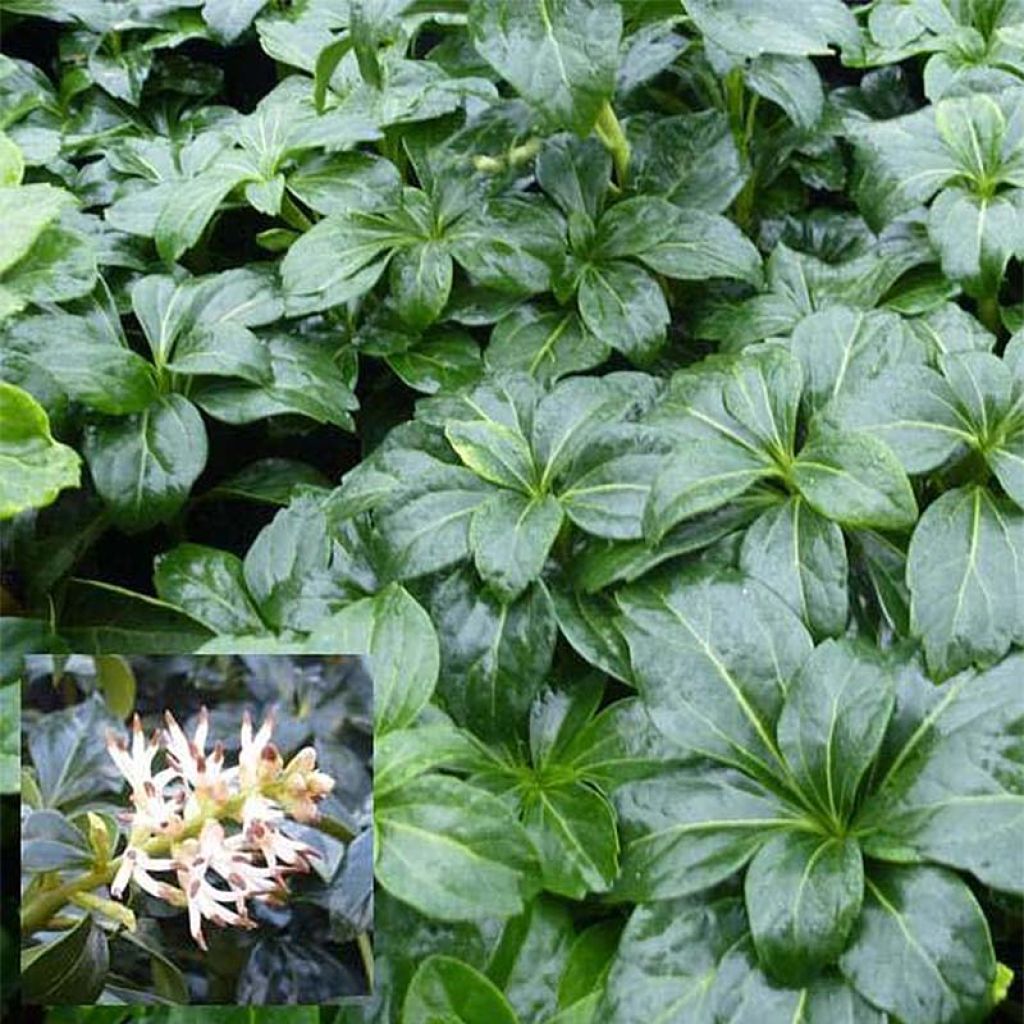 Pachysandra terminalis Green Sheen - Japanischer Ysander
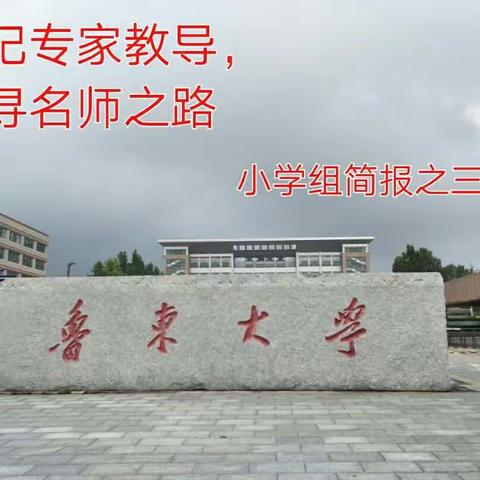 铭记专家教导，追寻名师之路——小学组简报之三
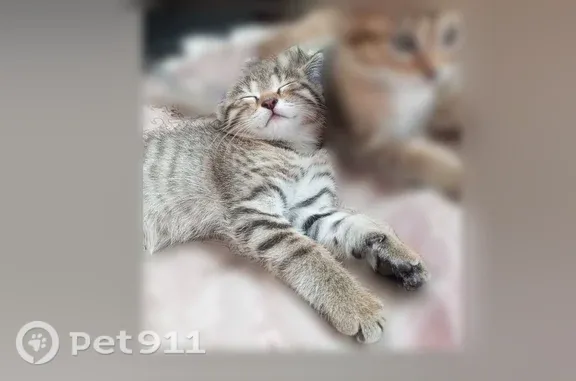 Кошка ищет дом, Чита, Советская, д. 25 — две кошечки, 2 месяца - photo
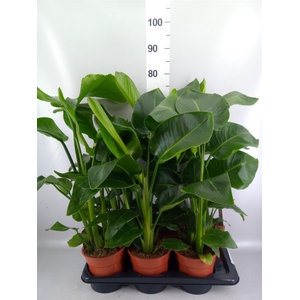 Strelitzia nicolai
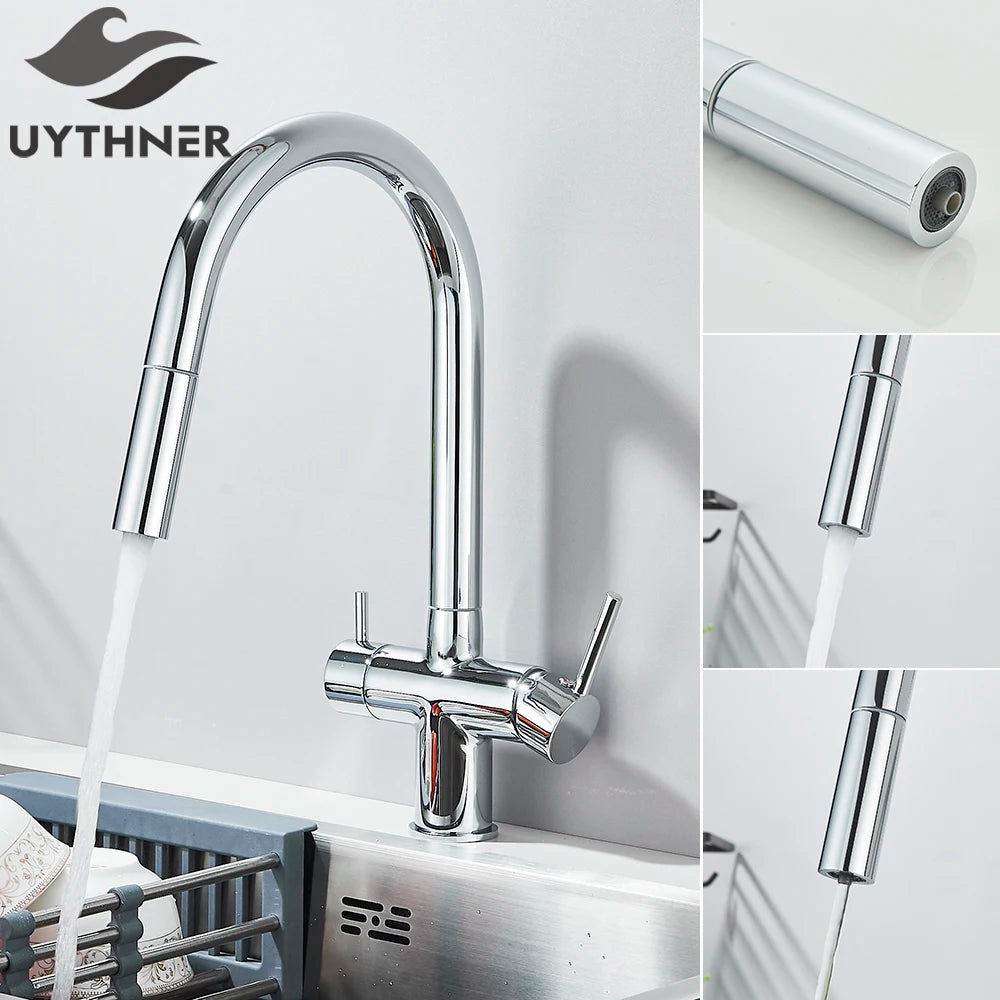 2-Mode Swivel Gold Brass Water Filter Kitchen Faucet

▶ [Assignment]:
When you reach a picture in the records above, pass over it and transcribe the rest exactly.

▶ [Answer to the problem]:
 Pachysandra terminalis Green Sheen - Japanischer Ysander
 铭记专家教导，追寻名师之路——小学组简报之三
 Кошка ищет дом, Чита, Советская, д. 25 — две кошечки, 2 месяца - photo
 Strelitzia nicolai
 2-Mode Swivel Gold Brass Water Filter Kitchen Faucet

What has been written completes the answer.